Exercise input:
• • •
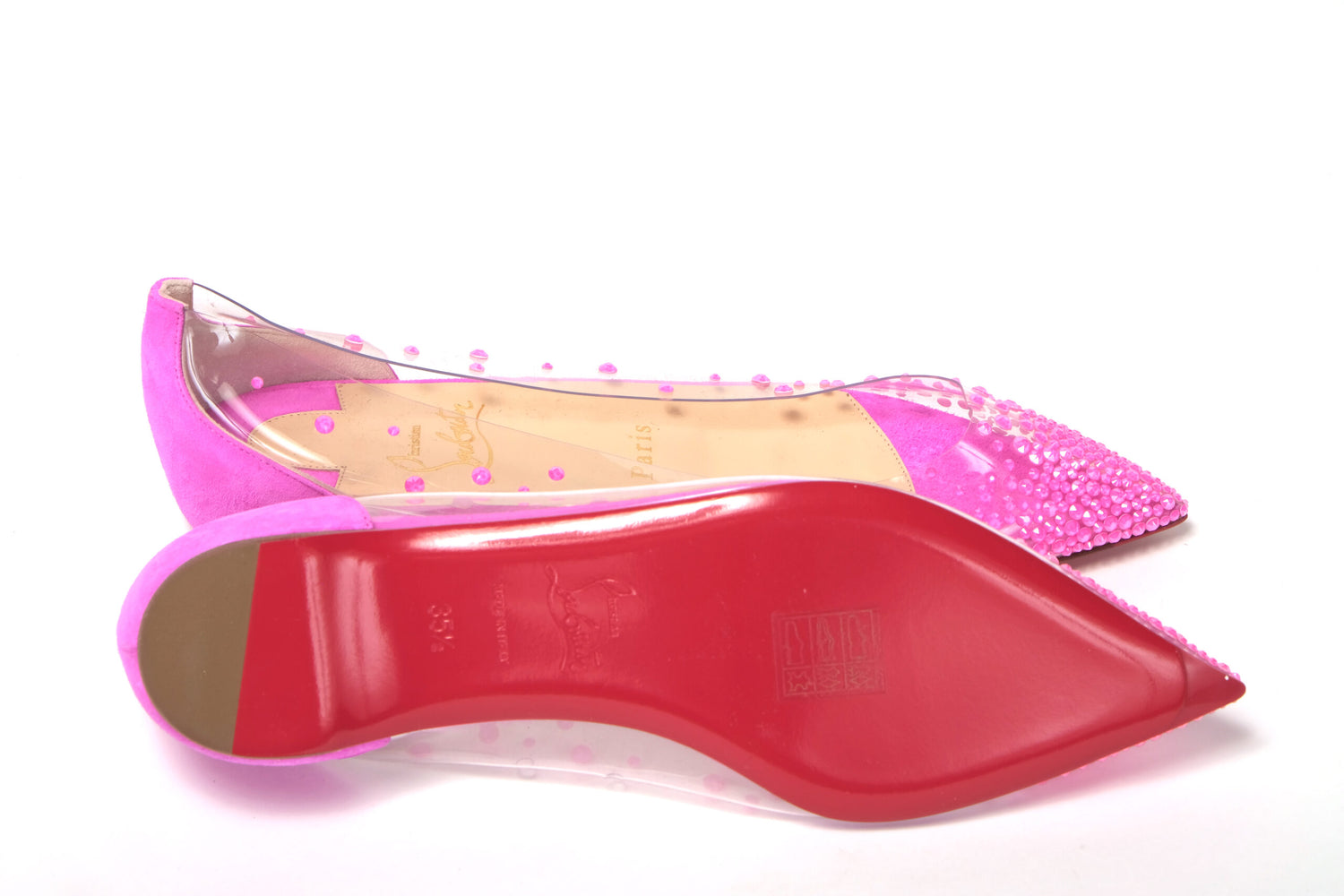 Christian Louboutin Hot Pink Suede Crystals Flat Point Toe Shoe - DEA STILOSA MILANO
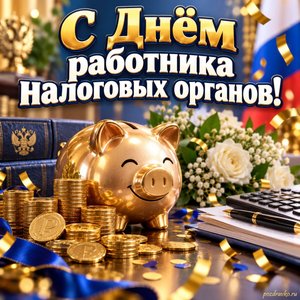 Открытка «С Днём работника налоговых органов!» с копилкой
• • •
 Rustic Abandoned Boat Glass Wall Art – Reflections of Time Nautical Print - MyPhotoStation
• • •
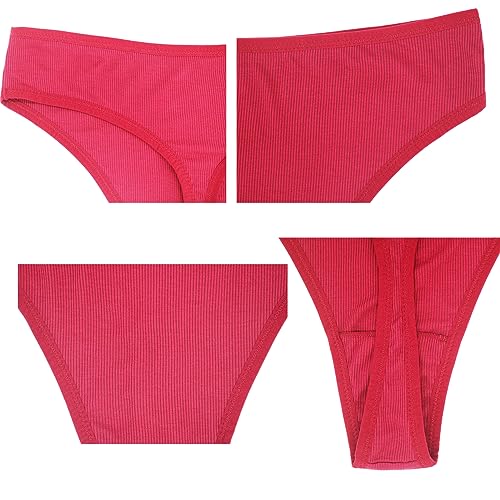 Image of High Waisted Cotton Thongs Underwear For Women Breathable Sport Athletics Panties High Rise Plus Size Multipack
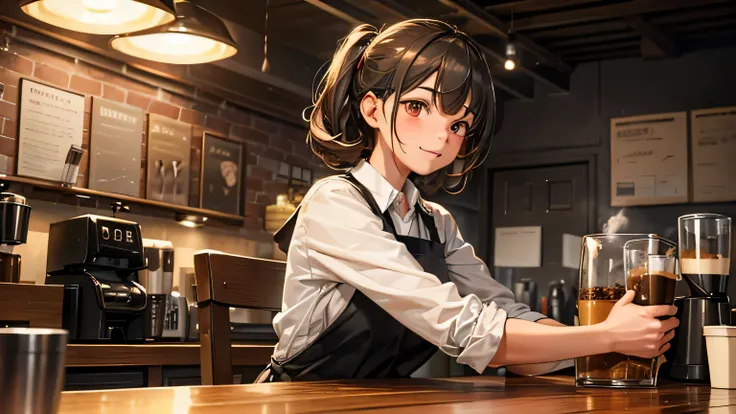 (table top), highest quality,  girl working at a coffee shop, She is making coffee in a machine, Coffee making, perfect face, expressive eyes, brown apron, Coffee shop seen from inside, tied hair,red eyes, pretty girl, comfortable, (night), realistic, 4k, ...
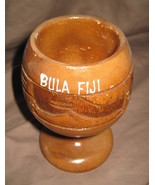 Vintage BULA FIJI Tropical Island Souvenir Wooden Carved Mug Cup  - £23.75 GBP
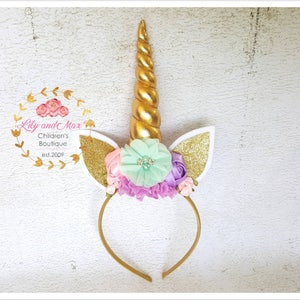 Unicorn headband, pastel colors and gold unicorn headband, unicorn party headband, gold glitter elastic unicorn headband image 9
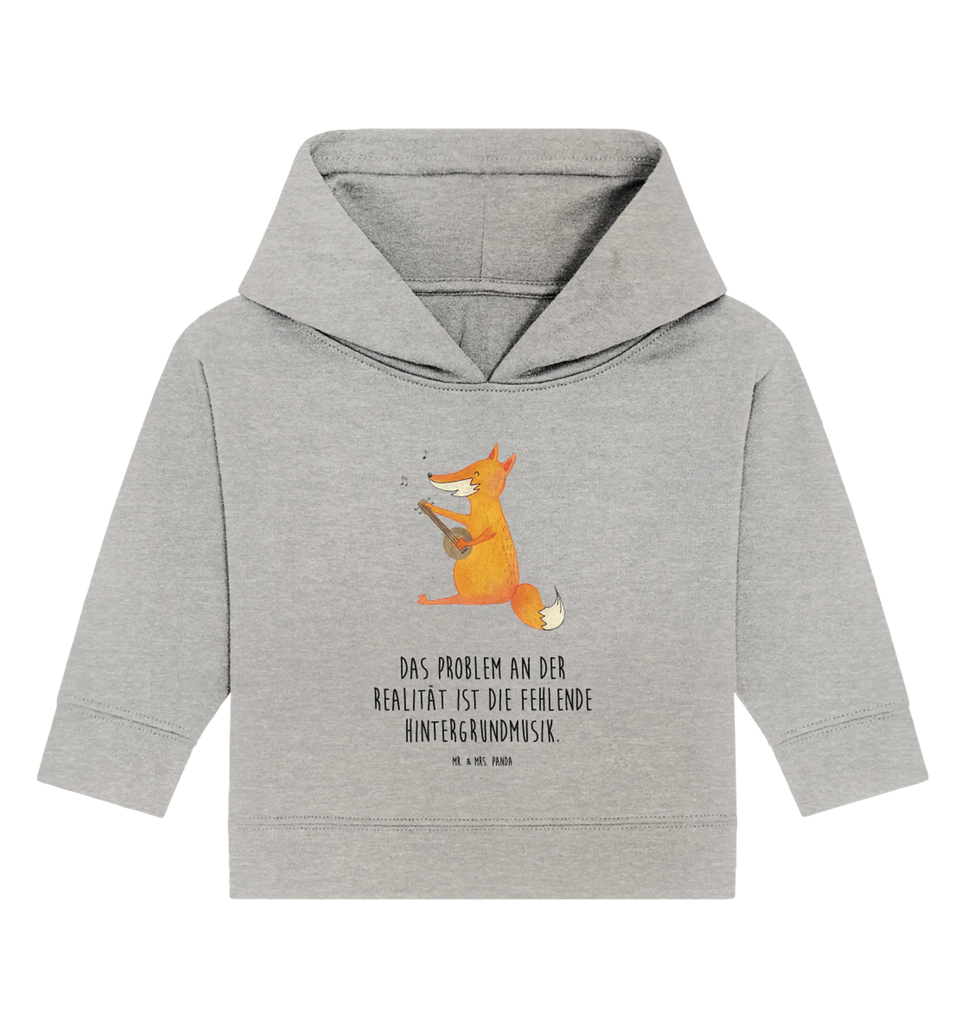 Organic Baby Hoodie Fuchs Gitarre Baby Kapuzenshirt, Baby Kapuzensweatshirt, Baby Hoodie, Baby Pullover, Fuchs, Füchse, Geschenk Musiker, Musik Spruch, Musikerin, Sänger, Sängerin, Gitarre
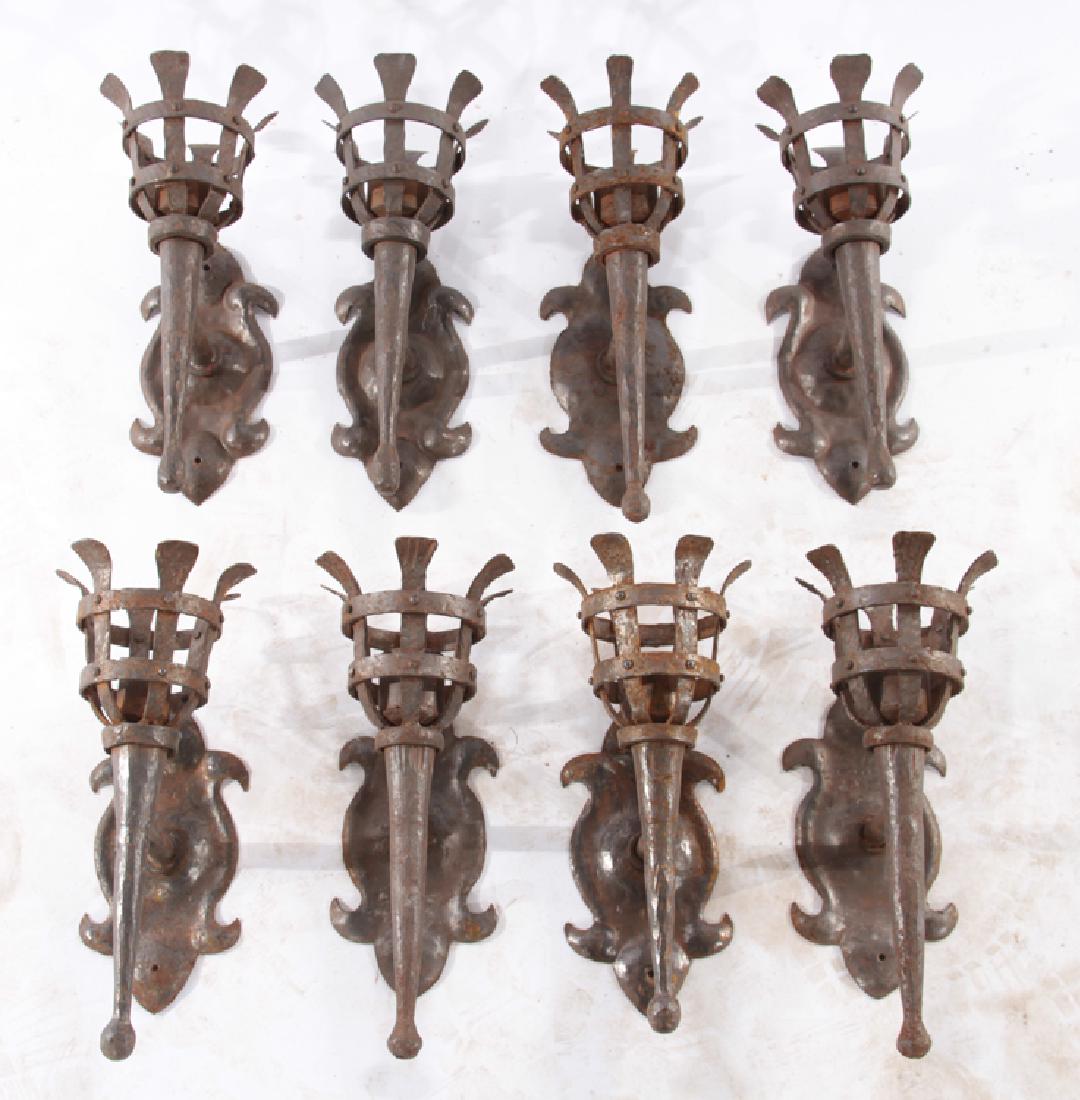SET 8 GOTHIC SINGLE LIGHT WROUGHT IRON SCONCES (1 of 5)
• • •
To do: Reproduce the lines above beginning at the line that contains "Vintage BULA FIJI" and ending at the line that contains "Unicorn headband, pastel". No pictures.

Response to the task:
 Vintage BULA FIJI Tropical Island Souvenir Wooden Carved Mug Cup  - £23.75 GBP
 Unicorn headband, pastel colors and gold unicorn headband, unicorn party headband, gold glitter elastic unicorn headband image 9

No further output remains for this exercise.